They had scarcely hoisted sail to resume their course, probably intending to return to port to sell their spoil before starting afresh, when they unexpectedly fell upon three large vessels coming from New Spain to the Havannah, who gave chase, as certain of victory as three greyhounds bounding after a single hare. The Flibustiers, heavy laden with plunder, and unable to make way, were almost instantly retaken, falling as easy a prey as a gorged wolf does to the hunter. In a few hours the Buccaneers were under hatches, stripped of even their very clothes, and counting the moments before execution—the Puritan doling out his hymns, the Catholic muttering his Miserere, and the rude Cow-killer vowing vengeance if he could but escape. Two evenings after a storm arose and separated the leash of armed merchantmen.
The vessel containing the luckless Portugues arrived first at St. Francisco, Campeachy. Barthelemy, who spoke Spanish, had been well treated by the captain, who did not know what a prize he had taken. The news of the capture soon ran through the town, the captain became a public man, the bells rang, the people flocked to see the caged lions, and the principal merchants of the place crowded to congratulate him on his success. Among the curious and timid visitors was one who recognised Barthelemy, in spite of all his oaths and denials, and demanded his surrender. No hate can match the hate of injured avarice and frustrated cupidity. "This is Barthelemy the Portuguese," he told every one, "the most wicked rascal in the world, and who has done more harm to Spanish commerce than all the other pirates put together." He ran everywhere and declared they had at last got hold of the man so famous for the many insolences, robberies, and murders he had committed on their coast, and by whose cruel hands many of their kinsmen had perished. The captain, rather distrustful—somewhat favourable to Barthelemy, perhaps, considering him as a brother seaman, worth any ten land-lubbers, and annoyed at the arrogance of the merchant's demand—refused to surrender the Portuguese, or to send him on shore. The enraged merchant upon this proceeded to the governor, who, listening to his complaint, sent to demand the Buccaneers in the king's name. He was instantly arrested, spite of the captain's entreaties, and placed on board another vessel, heavily ironed, for fear he should escape, as he had done on a former occasion. A gibbet was erected, and the next day it was resolved to lead him at once from his cabin to the place of execution, without the hypocritical and useless ceremony of even a prejudged trial. For some time Portugues remained uncertain of his fate, till a Spanish sailor (for he seems to have had the power of winning friends) told him that the gibbet was already putting together, and the rope was ready noosed. In that delay was his safety; that very night he resolved to escape, or perish by a quicker or less disgraceful death. No doubt, with that strange mixture of religion remaining in the minds of most Buccaneers, he prayed to God or the saints to aid him.

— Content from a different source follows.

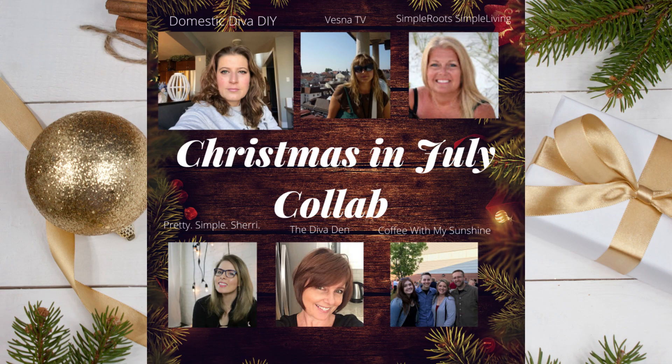This video is part of a DIY invite collaboration hosted by Sonia from The Domestic Diva. If you haven't checked out her channel, I'll leave a link below as well as a link to the playlist to check out all the other lovely ladies participating in this collaboration. Sonia does some amazing DIYs, so be sure to check out her channel as well.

He soon freed himself from his irons. Discovering in his cabin two of those large earthen jars in which wine was brought from Spain to the Indies, he closed over the orifices, and hung them to his side with cords, being probably unable to swim, and the distance too far to the shore. Finding that he could not elude the vigilance of the sleepless sentinel that paced at his door, he stabbed him with a knife he had secretly purchased, and let himself noiselessly down, from the mainchains into the water, floating to land without the splash that a swimmer would have made in still water. Once on land he concealed himself in a wood, prepared to bear any danger, and glad at heart to endure starvation rather than suffer a public and shameful death. He was too cunning to set off at once on a route that would be explored, but hid himself among trees half covered with water, in order to prevent the possibility of his being tracked by the maroon bloodhounds—a common stratagem with the moss-troopers, who found the sound of running water drown the noise of their movements and the murmur of their breathing, and destroy all traces of their track. Bruce and Wallace had long before escaped by the artifice that now saved a robber and a murderer. His must have been anxious nights, varied by the shouts of negroes, the deep bay of the dogs, the oaths of the Spaniards, the discharge of fire-arms, the toll of the alarm bell, the glare of beacons; and the flash of torches. For these three days he lived on yams and other roots growing around him. From a tree in which he sometimes harboured he had the satisfaction of seeing his pursuers search the wood in vain, and finally relinquish the pursuit.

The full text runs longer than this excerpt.